執行役員 プロダクトプロモーション部長の後藤和彦氏は、「当社は2000年に全社主要事業所でISO14001を取得し、それ以降、環境活動や省エネ活動に意欲的に取り組んでいる。2003年に完成した新本社ビルについても、ISO14001を取得するとともに、屋上緑化、証明制御、空調管理など、当時の最新技術を取り入れ、環境に配慮した省エネビルとなっている。そして、2010年には、東京都のトップレベル事業所に認定された」と、これまでの節電への取り組みを説明する。
同社では、2000年に14サイトでISO14001の認証を取得し、現在は全社25サイトまで認証取得が広がっている。具体的な環境活動としては、サイトごと、フロアごとにECOリーダー・担当者を置き、個別の環境活動を実施。認証を取得していないサイトにおいてもECO管理担当者とECO担当者を専任し、環境活動を推進しているという。
また、東日本大震災後は、本社ビルの節電対策を強化し、4階から12階事務室内の窓際照明の照度低下や廊下照明の日中消灯、1階コンセプトギャラリーおよび3階ソリューションギャラリーの日中消灯、4階から12階トイレの暖房便座、ジェットタオルの電源OFF、デスクトップPCからノートPCへの交換などを実施。「今年の夏は大手事業所に15%の節電が義務づけられたが、これらの節電対策により、当社目標の25%を大きく上回る電力削減を達成できた」(後藤氏)としている。
新たに導入した電力「見せる化」システムについて後藤氏は、「従来までのBEMS(ビル管理システム)に加え、今回、東大グリーンICTプロジェクトで3年間実証実験された『FIAP』プロトコルを採用した電力可視化システムを国内初で導入した。これにより、社員に向けた節電への啓発活動を強化し、さらなる電力削減を目指していく」と述べている。
ODSプロモーション部 課長代理の北堀利明氏 | 電力「見せる化」システムの構成図 |
電力「見せる化」システムの具体的な仕組みについては、ODSプロモーション部 課長代理の北堀利明氏が説明した。「従来のBEMSは電力データを紙で出力することしかできなかったが、新システムの導入にあたって、このデータをCSVに吐き出せるように。また、エネルギーモニターを使い、個別の機器や設備の電力データを取得。これらのデータをFIAPストレージに蓄積し、社内での活用を可能にした。さらに、公開用のFIAPサーバーから、FIAPストレージにアクセスできる仕組みを構築することで、オフィス内の電力使用量をリアルタイムで『見せる化』できるシステムを実現した」という。
2011年8月の電力使用量の推移 | 電力「見せる化」システムのデモンストレーションコーナー |
リアルタイムに「見せる化」できる項目は、前年同日比の電力使用量(ビル全体)、フロアごとの電力使用量、項目ごとの電力構成比(空調・照明・OA)など。
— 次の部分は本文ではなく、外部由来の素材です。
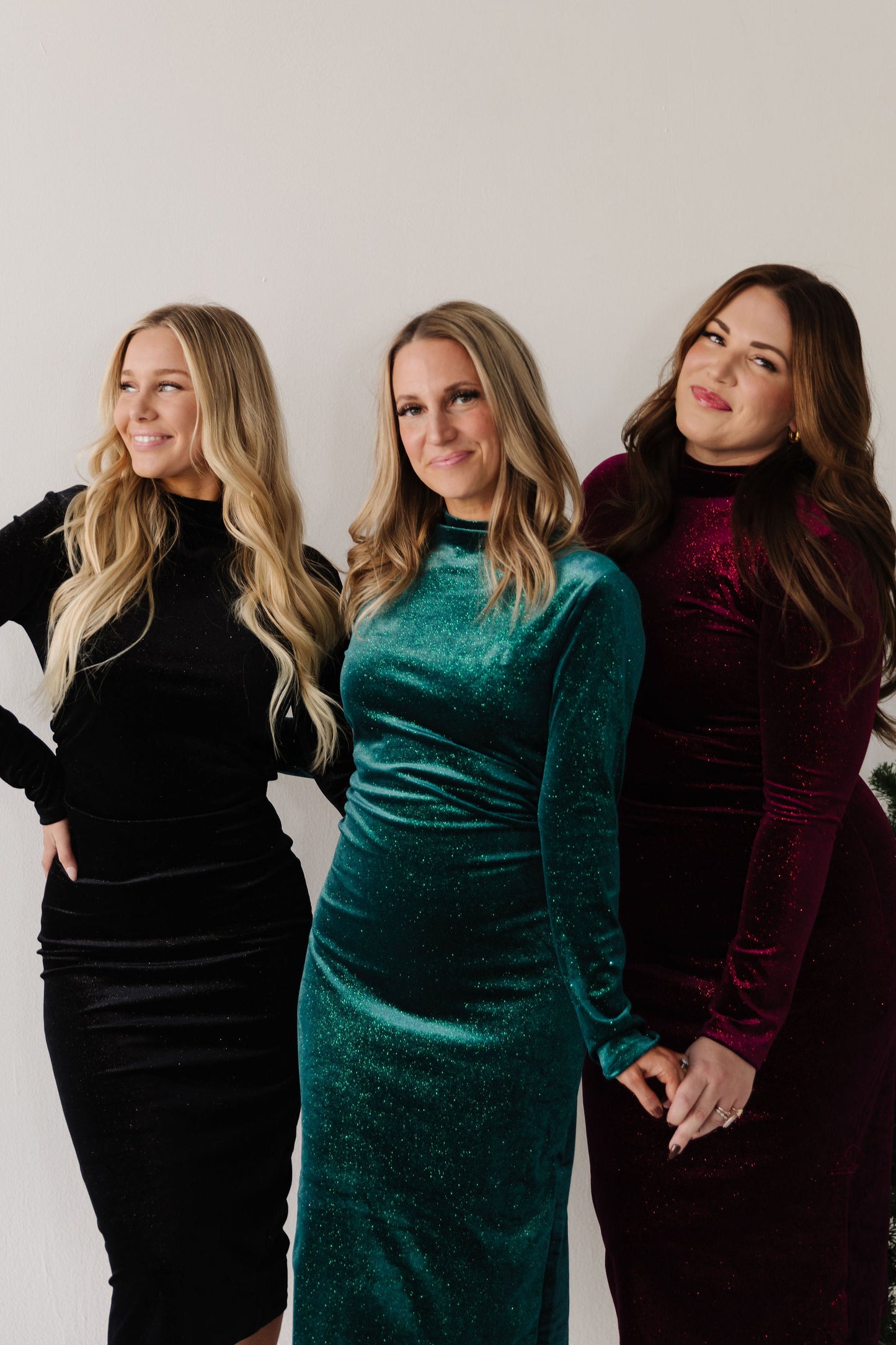 THE WHITNEY GLITTERY VELVET DRESS IN BLACK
「見せる化」する項目ごとに、棒グラフや円グラフ、折れ線グラフ、積み上げグラフを活用し、わかりやすく表示される。「例えば、今年8月の日次(にちじ)の電力使用量を棒グラフで表示して、電力使用量の推移を見てみると、最高気温が高い日に多くの電力が使用されていることがひと目で把握できる」(北堀氏)と、電力「見せる化」システムの活用例を紹介していた。さらに、「これらの電力データは、iPhoneやAndroidなどのスマートフォン、iPadなどのタブレット端末からもリアルタイムで確認することができる」(北堀氏)と、PCがないリモート環境でも電力の「見せる化」が可能であることを強調した。
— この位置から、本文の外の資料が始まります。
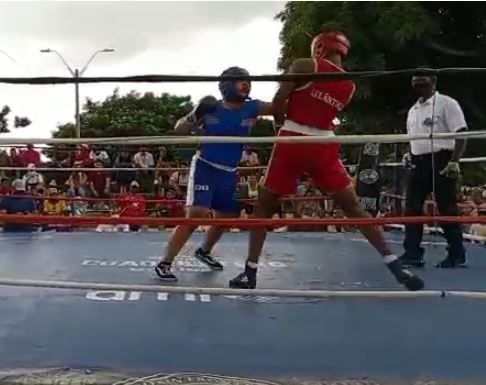 HAIDER PEGA DURO EN EL BOXEO 2 HAIDER PEGA DURO EN EL BOXEO El boxeo colombiano ha vivido en los últimos años momentos de gloria por sus buenos resultados a nivel olímpico y profesional.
なお、同社では、電力「見せる化」システムの導入にともない、照明機器の集中管理の様子などを顧客に体験してもらえるよう、実機環境を本社ビル3Fのデモンストレーションコーナーに設置。また、同社ホームページにも本社ビルの電力使用状況を公開するなど、同社の節電への取り組みを一般に広くアピールしていく考え。